What this task involves> All lines in the records below from the line with "Our procedure is" through the line with "And in the Colorful" are to be given again exactly, both ends included; the pictures are to be left out.

(Beginning of Exercise materials)

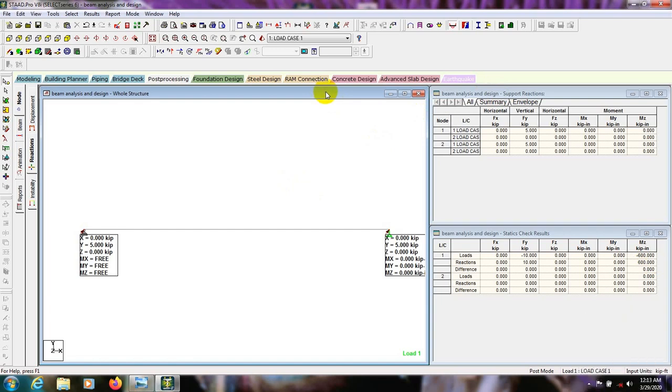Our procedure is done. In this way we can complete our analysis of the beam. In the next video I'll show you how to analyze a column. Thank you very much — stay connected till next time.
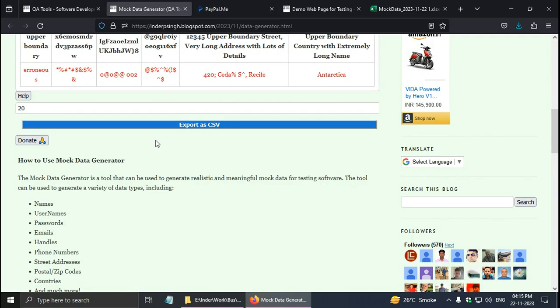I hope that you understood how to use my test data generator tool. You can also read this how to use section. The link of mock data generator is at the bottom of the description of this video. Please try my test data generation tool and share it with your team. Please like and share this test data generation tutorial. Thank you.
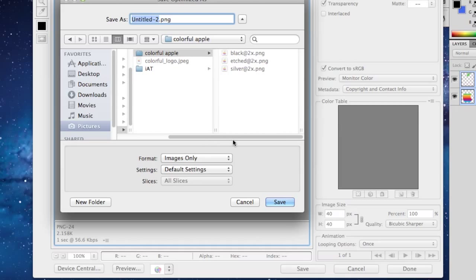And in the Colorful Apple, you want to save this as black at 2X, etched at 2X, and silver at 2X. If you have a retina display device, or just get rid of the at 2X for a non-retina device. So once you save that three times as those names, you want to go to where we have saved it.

(End of Exercise materials)
(Beginning of Exercise materials)

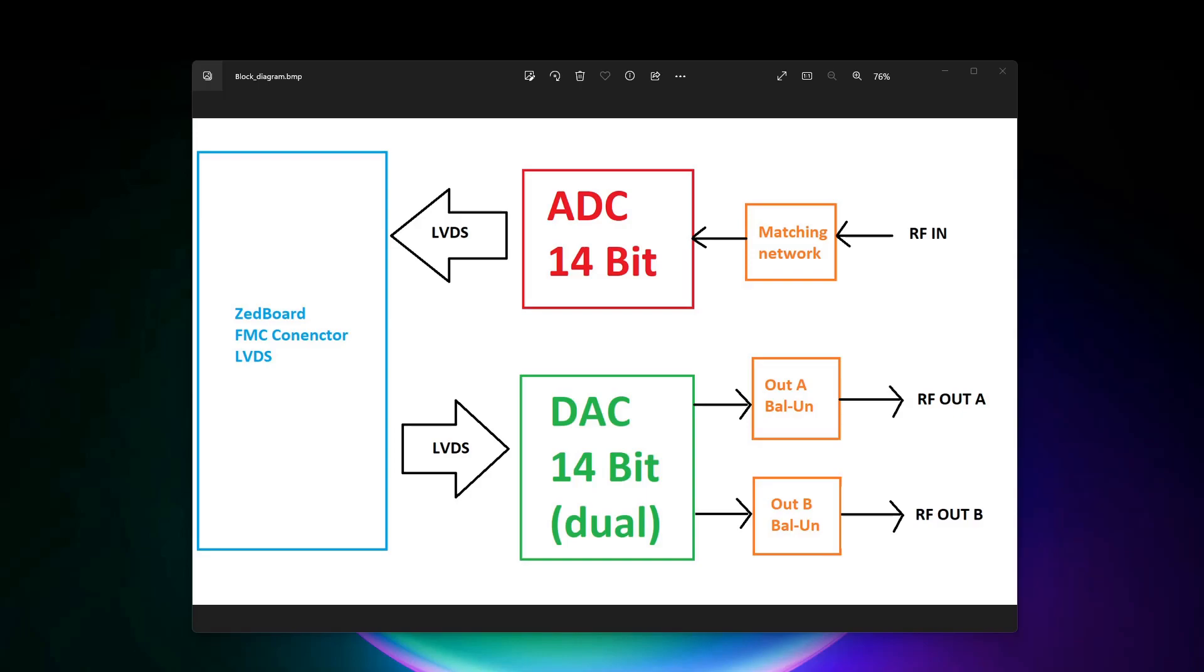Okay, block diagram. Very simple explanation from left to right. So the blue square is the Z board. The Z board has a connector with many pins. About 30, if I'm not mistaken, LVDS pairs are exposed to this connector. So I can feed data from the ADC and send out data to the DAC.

(End of Exercise materials)

Expected answer>
Our procedure is done. In this way we can complete our analysis of the beam. In the next video I'll show you how to analyze a column. Thank you very much — stay connected till next time.
I hope that you understood how to use my test data generator tool. You can also read this how to use section. The link of mock data generator is at the bottom of the description of this video. Please try my test data generation tool and share it with your team. Please like and share this test data generation tutorial. Thank you.
And in the Colorful Apple, you want to save this as black at 2X, etched at 2X, and silver at 2X. If you have a retina display device, or just get rid of the at 2X for a non-retina device. So once you save that three times as those names, you want to go to where we have saved it.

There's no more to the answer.